### Exercise instructions:
Stop at the line that contains "Flying Nimbus Kintoun Goku Diamond Paintings". Until then, set down each line of the records exactly, beginning with the first, and skip pictures.

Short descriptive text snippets

=-=-=-=-=

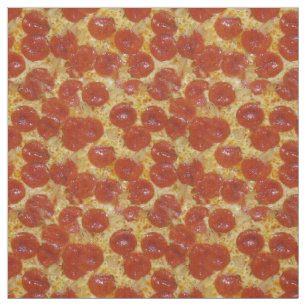 Pepperonis und Käse-Pizza Stoff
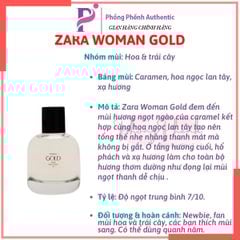 [CHIẾT 10ML - ĐỌC KĨ MÔ TẢ] Nước hoa ZARA EDP - EDT CÁC MÙI BLACK AMBER, RED VANILLA, WONDER ROSE, FEMME, ORCHID...VV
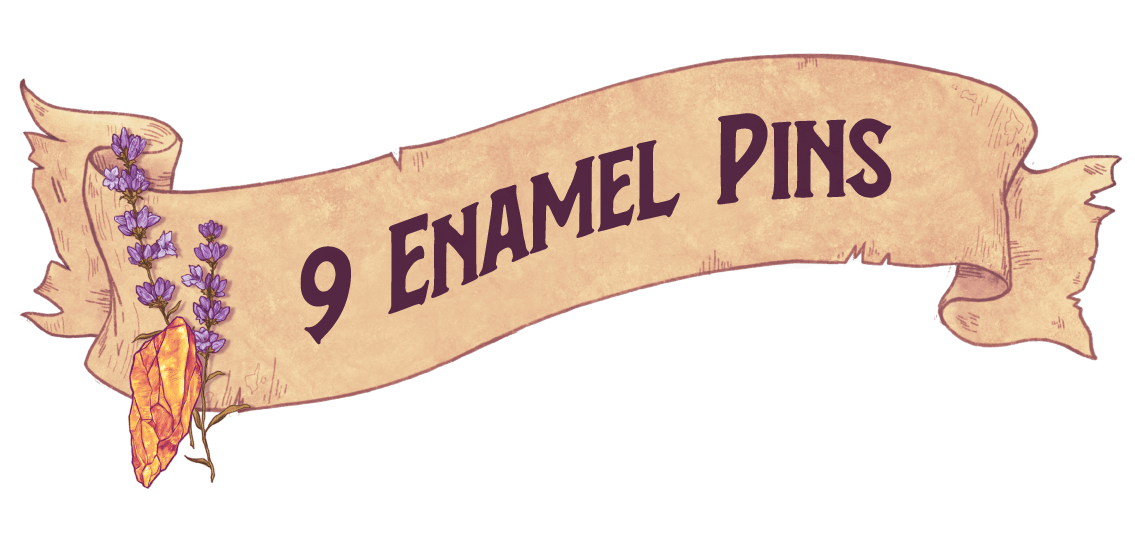 🌈 Nine Enamel Pins 🏳️‍🌈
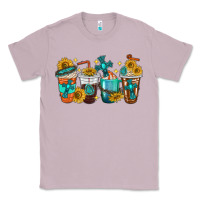 Lilac cross coffee cups Classic Tee - texasbilliewilder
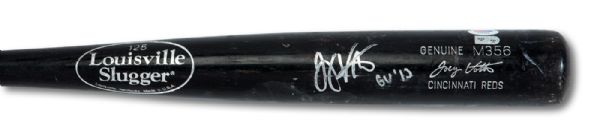 2013 JOEY VOTTO AUTOGRAPHED "GU 13" LOUISVILLE SLUGGER PROFESSIONAL MODEL GAME USED BAT (MLB AUTH.)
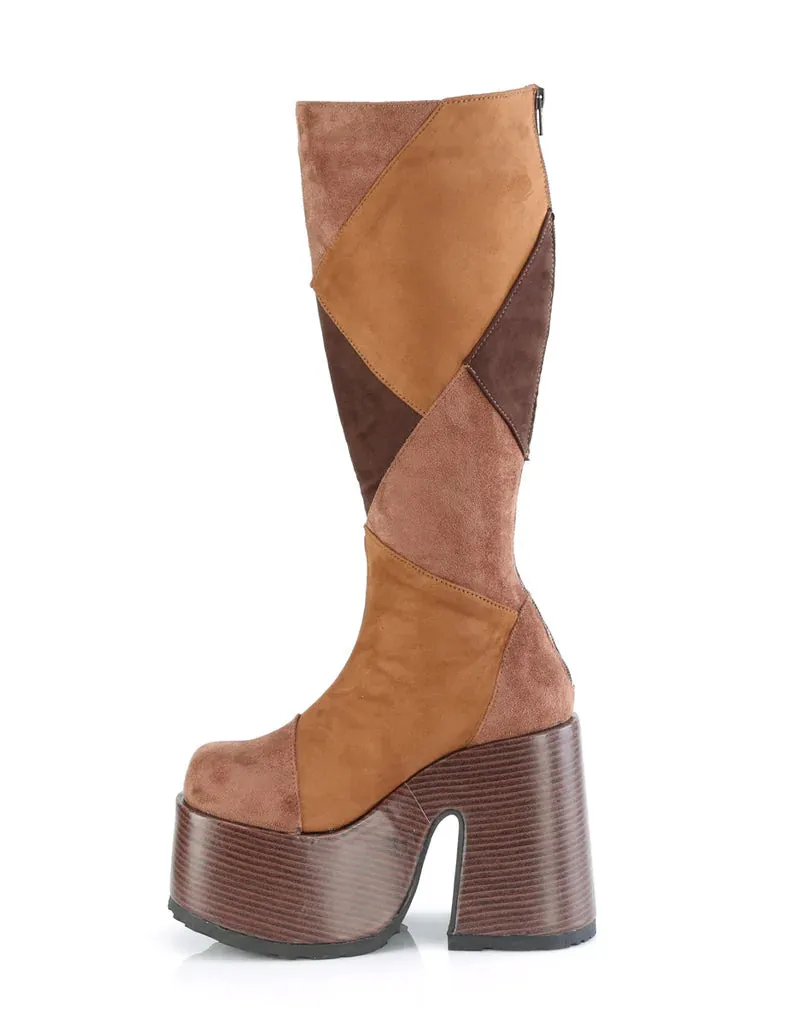 DEMONIA CAMEL 280 - BROWN VEGAN SUEDE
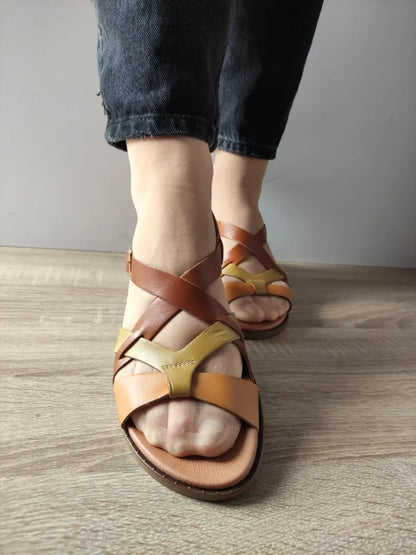SANDALE CASUAL DAMA PIKOLINOS W8Q-0894C1 BRANDY CU OLIVE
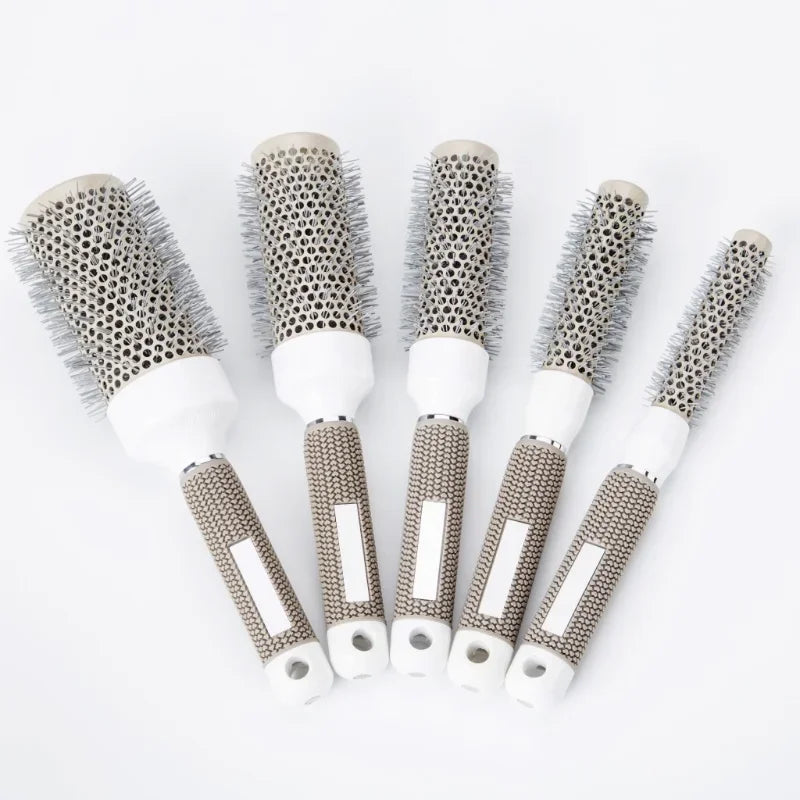 6 Size Hair Brush Nano Hairbrush Thermal  Round Barrel Comb Hairdressing Hair Salon Styling Drying Curling Blow Dry Hair Brush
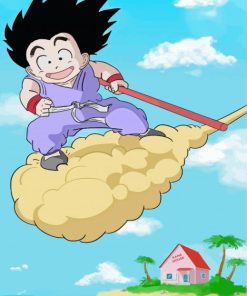 Flying Nimbus Kintoun Goku Diamond Paintings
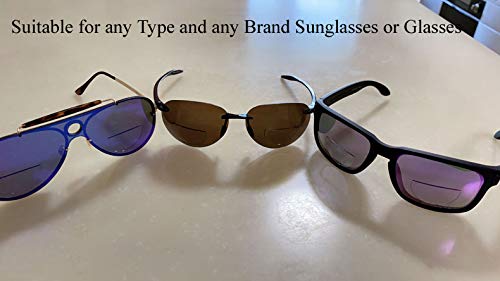 WENDA 4 Pack, +1.50 Great View Reusable Stick-On Bifocal Lenses Reader Magnifying Adhesive Reading Lens Sticker Sport Sunglass Safety Glasses Magnifier Add On Goggles (4 Pack, +1.5)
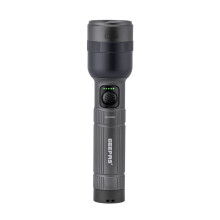 GEEPAS Zoomable LED Flashlight | 1500 Lumen Super Bright Powerful 3000mAh Battery Indicator Type-C Rechargeable | 10H Runtime 4 Modes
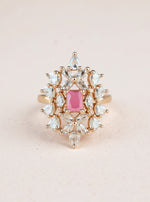 Aashna Ring (Golden Pink Stone)
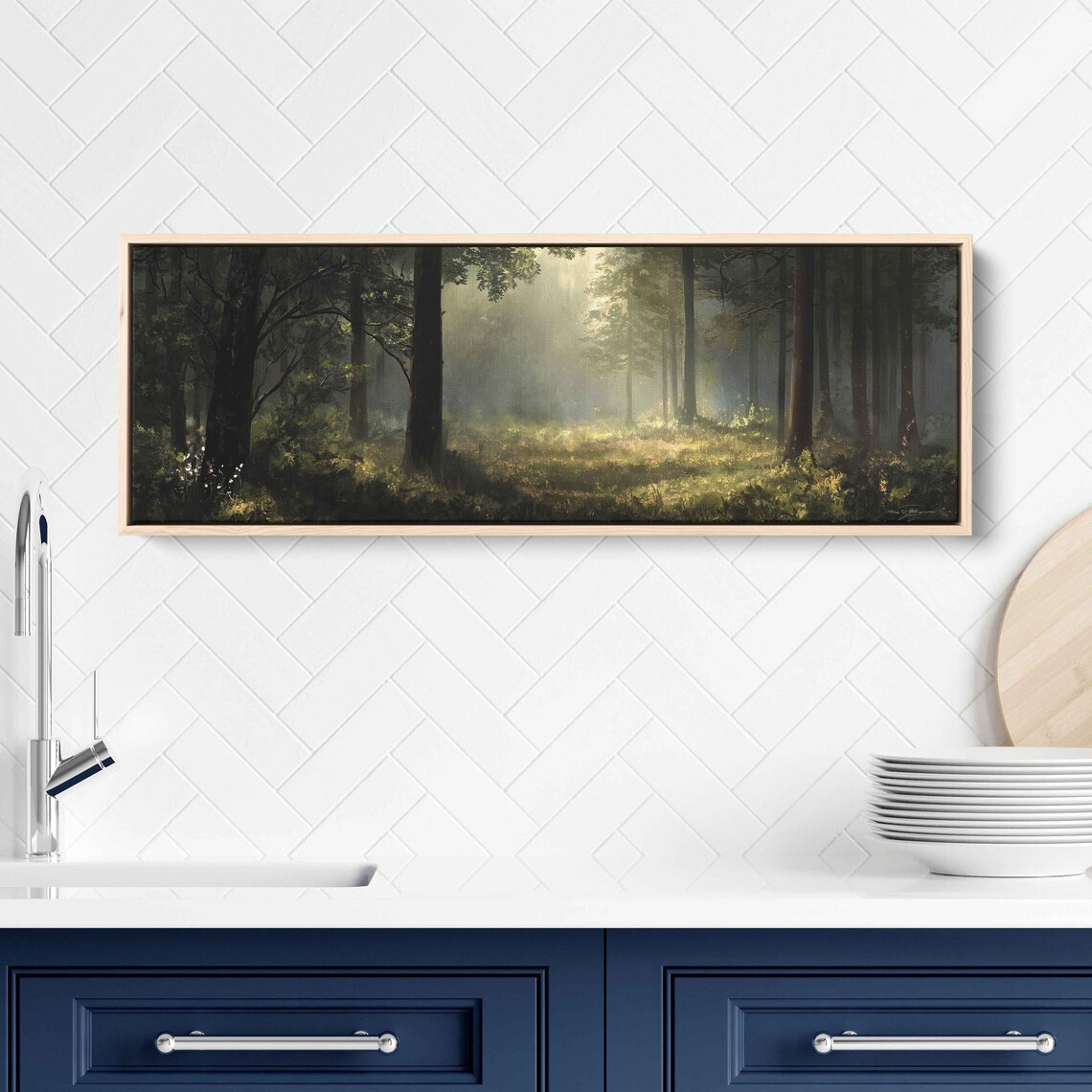 Forest Path Panorama Art Print, Nature Lover Gift - Image 2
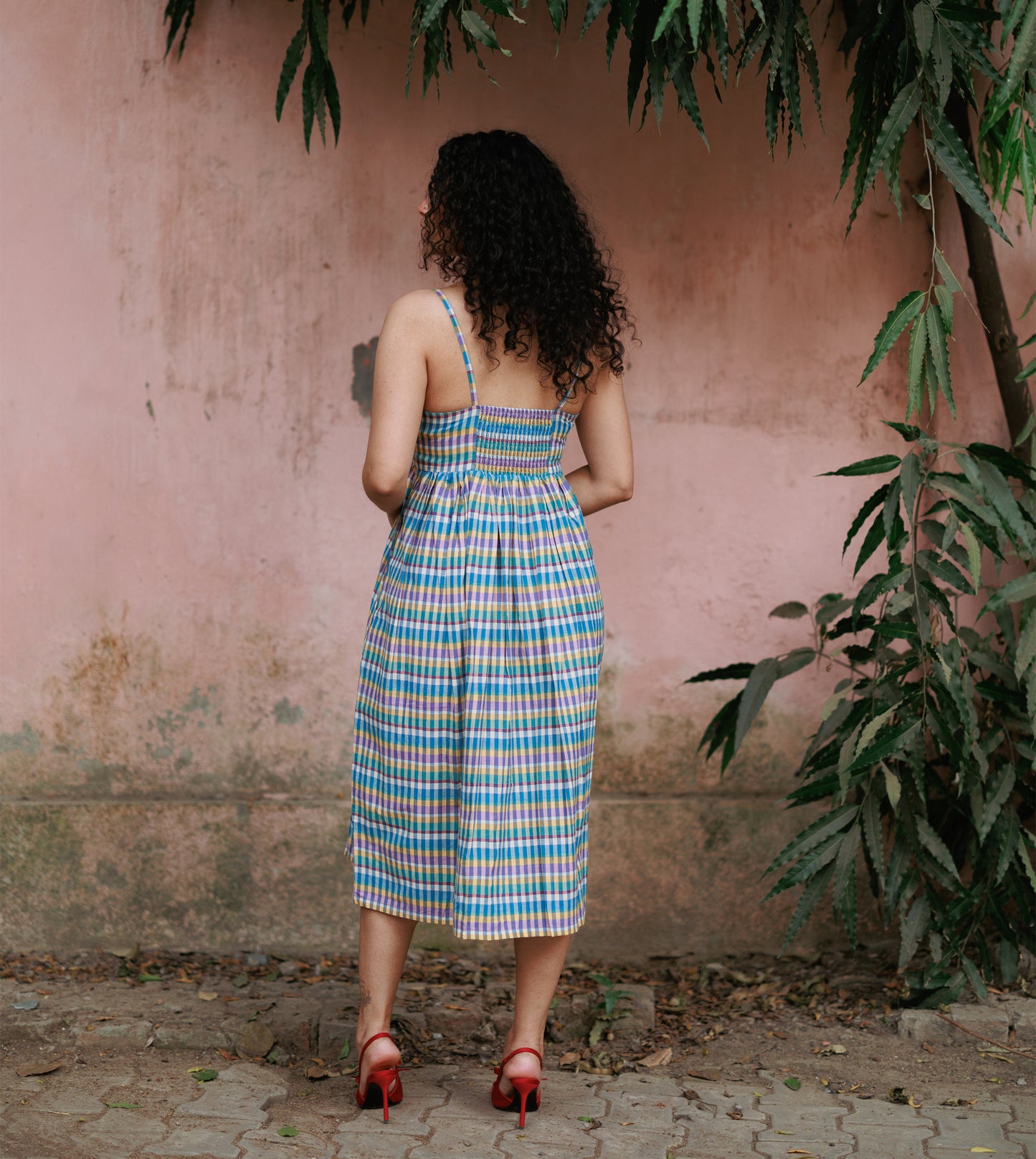 Elin Dress • Stripe Plaid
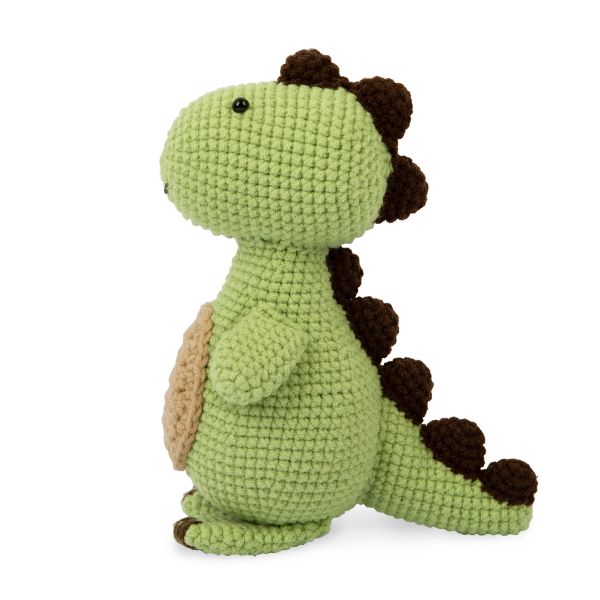 Набор для вязания игрушки Храбрый динозаврик 18 см, Miadolla AMG-0108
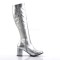 Funtasma Gogo-300 - Silver Stretch Pu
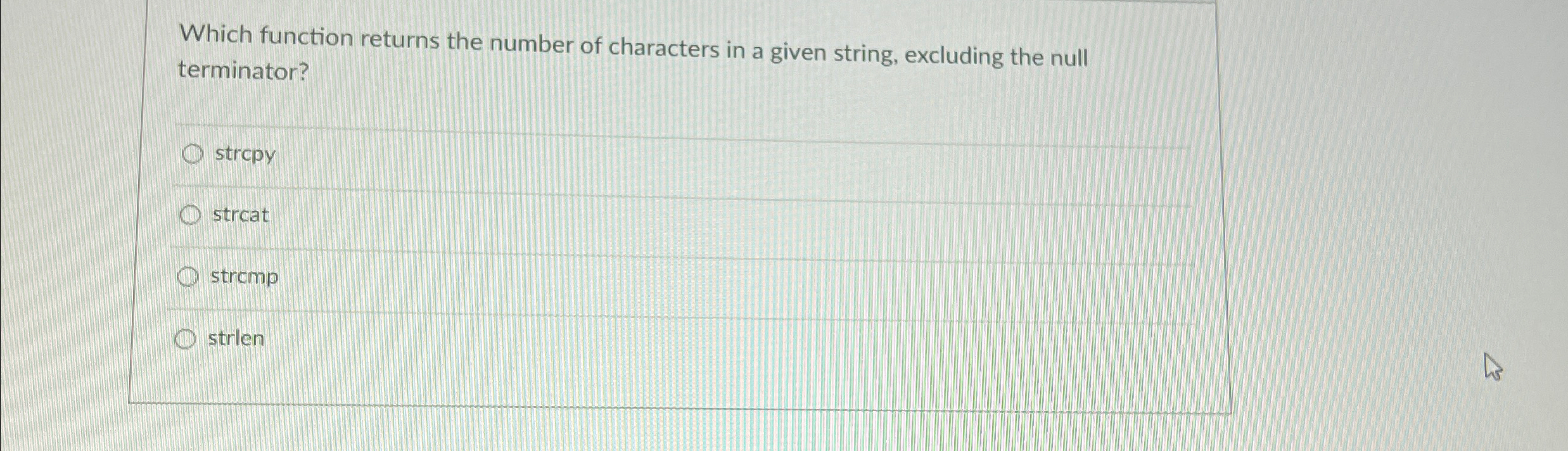 Which function returns the number of characters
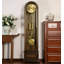 Chic horloge grand-père en bois avec horloge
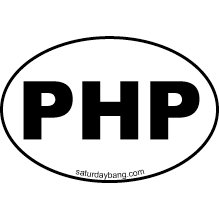 PHP Mini Euro Style Oval Sticker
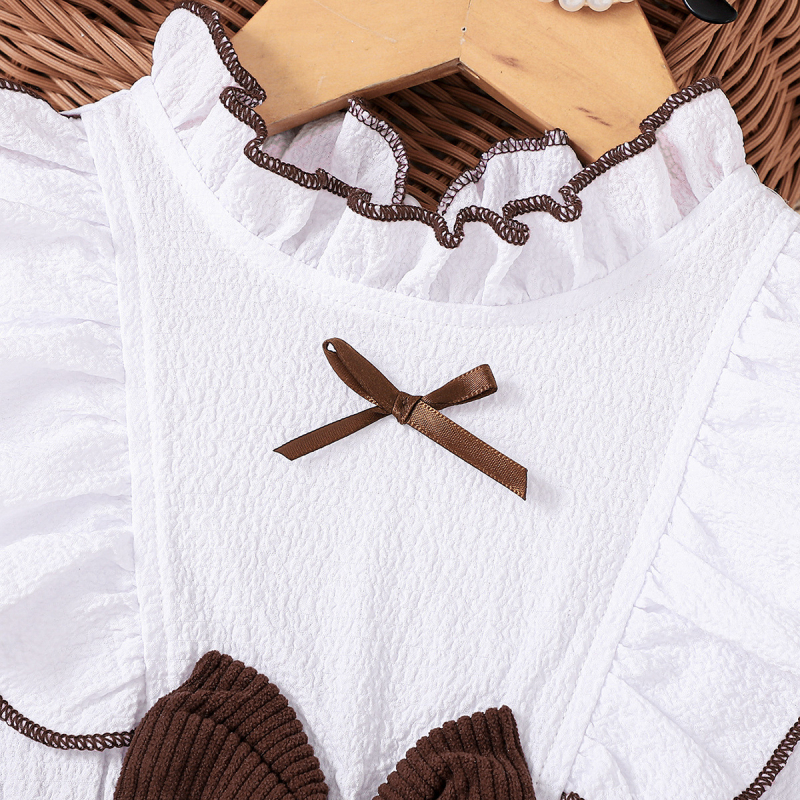 Lányoknak szóló hercegnő-stílusú ruha, poliészter, A-vonalú fazon, hosszú ujjú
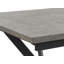 Pagano Extendable Metal Base Dining Table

=-=-=-=-=

### Written answer:
 Pepperonis und Käse-Pizza Stoff
 [CHIẾT 10ML - ĐỌC KĨ MÔ TẢ] Nước hoa ZARA EDP - EDT CÁC MÙI BLACK AMBER, RED VANILLA, WONDER ROSE, FEMME, ORCHID...VV
 🌈 Nine Enamel Pins 🏳️‍🌈
 Lilac cross coffee cups Classic Tee - texasbilliewilder
 2013 JOEY VOTTO AUTOGRAPHED "GU 13" LOUISVILLE SLUGGER PROFESSIONAL MODEL GAME USED BAT (MLB AUTH.)
 DEMONIA CAMEL 280 - BROWN VEGAN SUEDE
SANDALE CASUAL DAMA PIKOLINOS W8Q-0894C1 BRANDY CU OLIVE
 6 Size Hair Brush Nano Hairbrush Thermal  Round Barrel Comb Hairdressing Hair Salon Styling Drying Curling Blow Dry Hair Brush
 Flying Nimbus Kintoun Goku Diamond Paintings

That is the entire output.